No pictures go into the output, which should consist only of the lines from the first line of the data through the line with "Nova Rebellion Nav", copied exactly.

*** Record excerpts

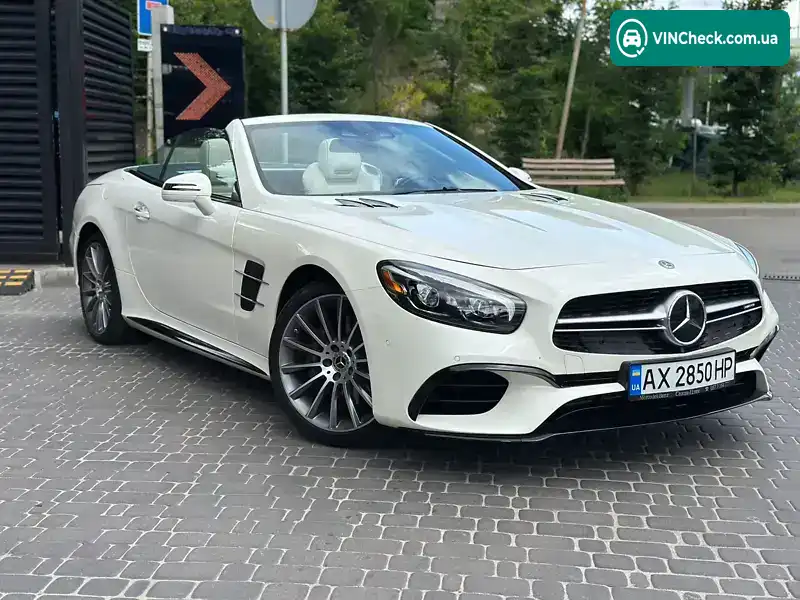 Mercedes-Benz SL-Class 2018, фото з оголошення 2 з 21, VIN WDDJK6GA6JF053676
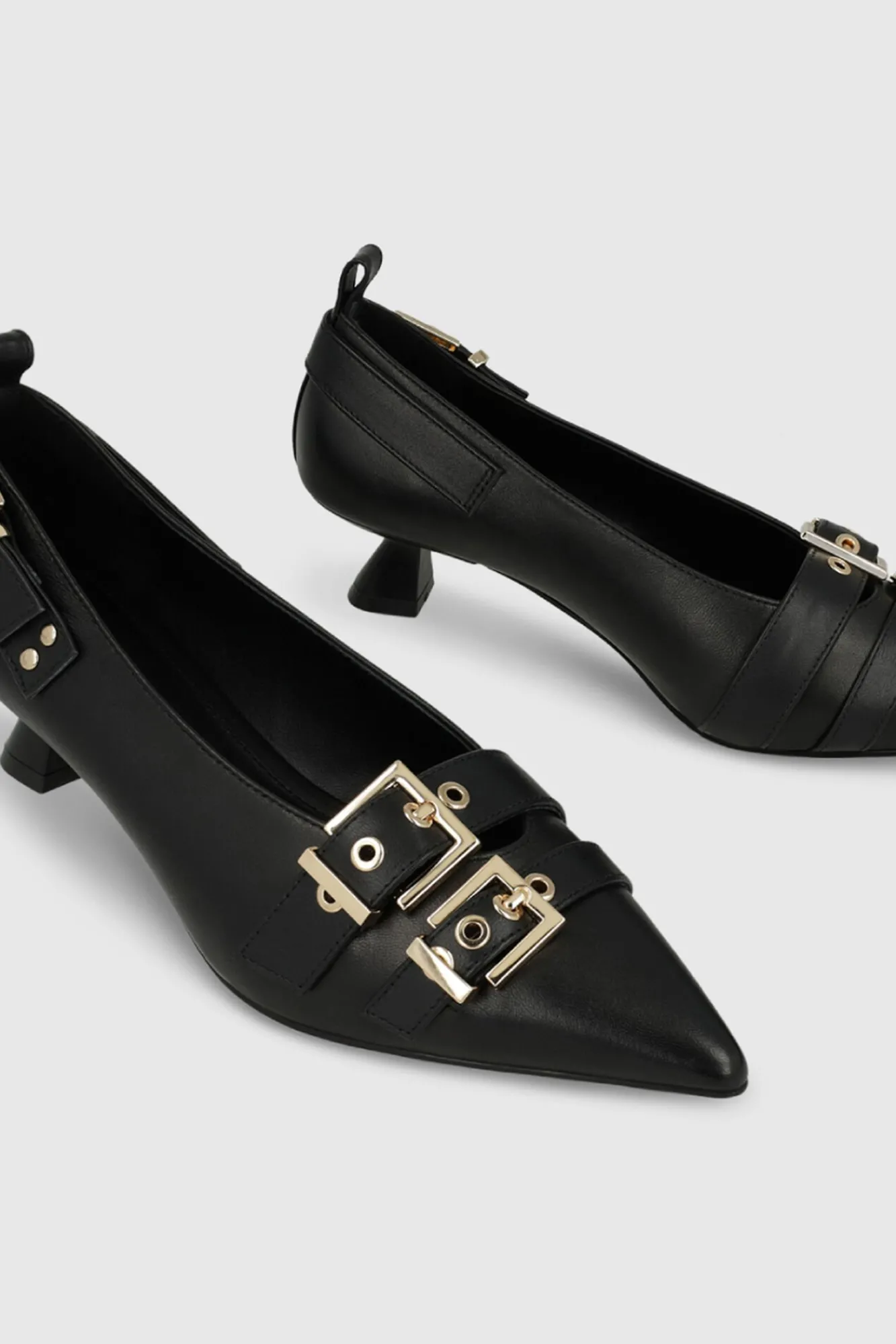 Mujer Lodi Calzado Piel>Zapatos de salón en piel con adornos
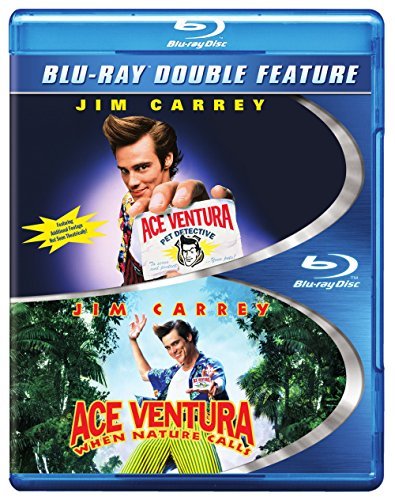 Ace Ventura Pet Detective/Ace Ventura When Nature Calls/Double Feature@Blu-ray@PG13
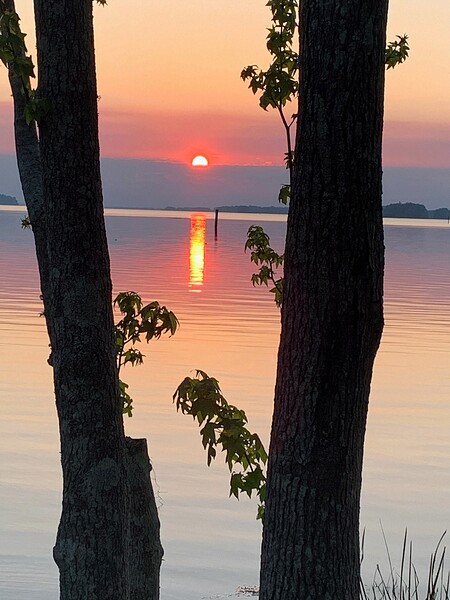 What a sunset by Missouri Micky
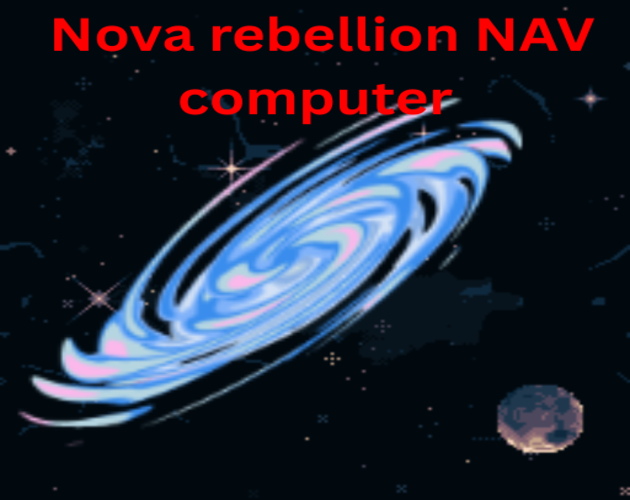 Nova Rebellion Nav Computer by CenturionDragons Studios.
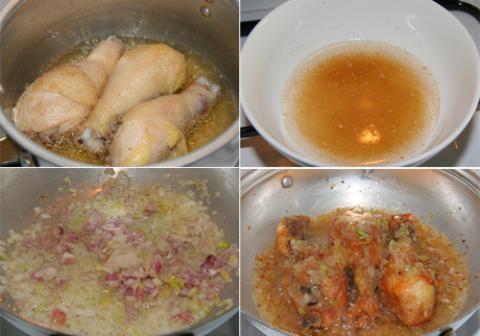 Hướng dẫn cách làm món đùi gà rô ti 0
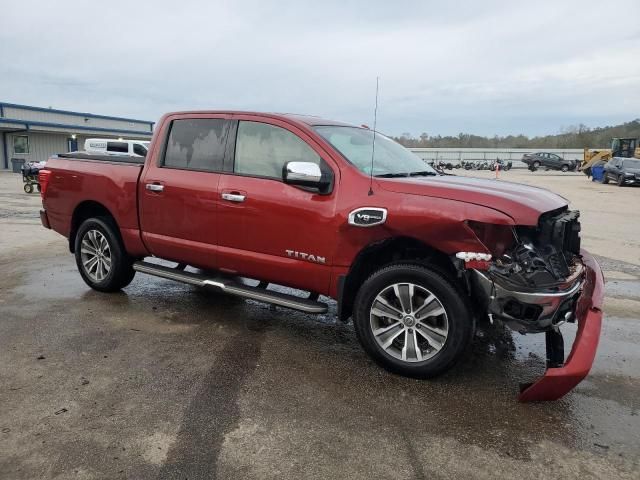 2017 Nissan Titan SV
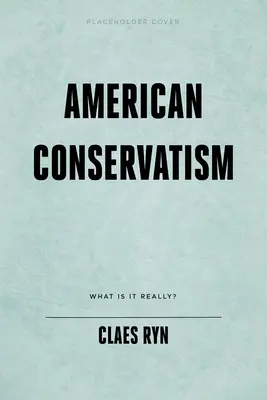 Das Scheitern des amerikanischen Konservatismus: - und der nicht eingeschlagene Weg - The Failure of American Conservatism: --And the Road Not Taken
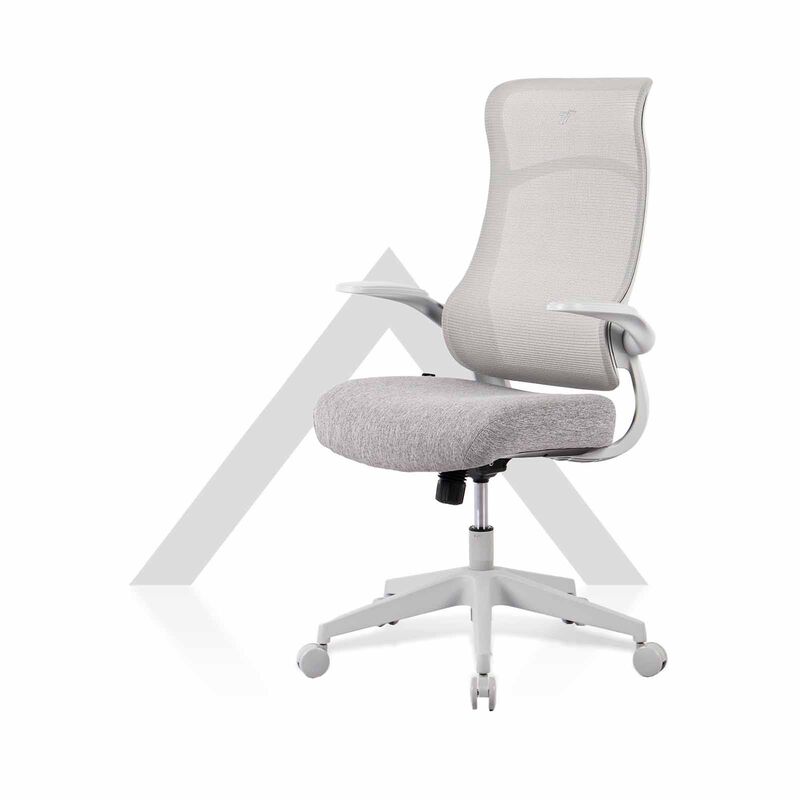 TTRACING Tt Airflex Ergochair - Ashy Grey TTAFLX-002-image 6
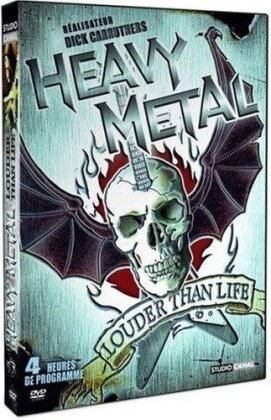 Heavy Metal - Louder than life (Collector's Edition, 2 DVD)
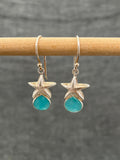 Apatite Starfish Earrings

******

Task solution:
 Mercedes-Benz SL-Class 2018, фото з оголошення 2 з 21, VIN WDDJK6GA6JF053676
 Mujer Lodi Calzado Piel>Zapatos de salón en piel con adornos
 Ace Ventura Pet Detective/Ace Ventura When Nature Calls/Double Feature@Blu-ray@PG13
 What a sunset by Missouri Micky
 Nova Rebellion Nav Computer by CenturionDragons Studios.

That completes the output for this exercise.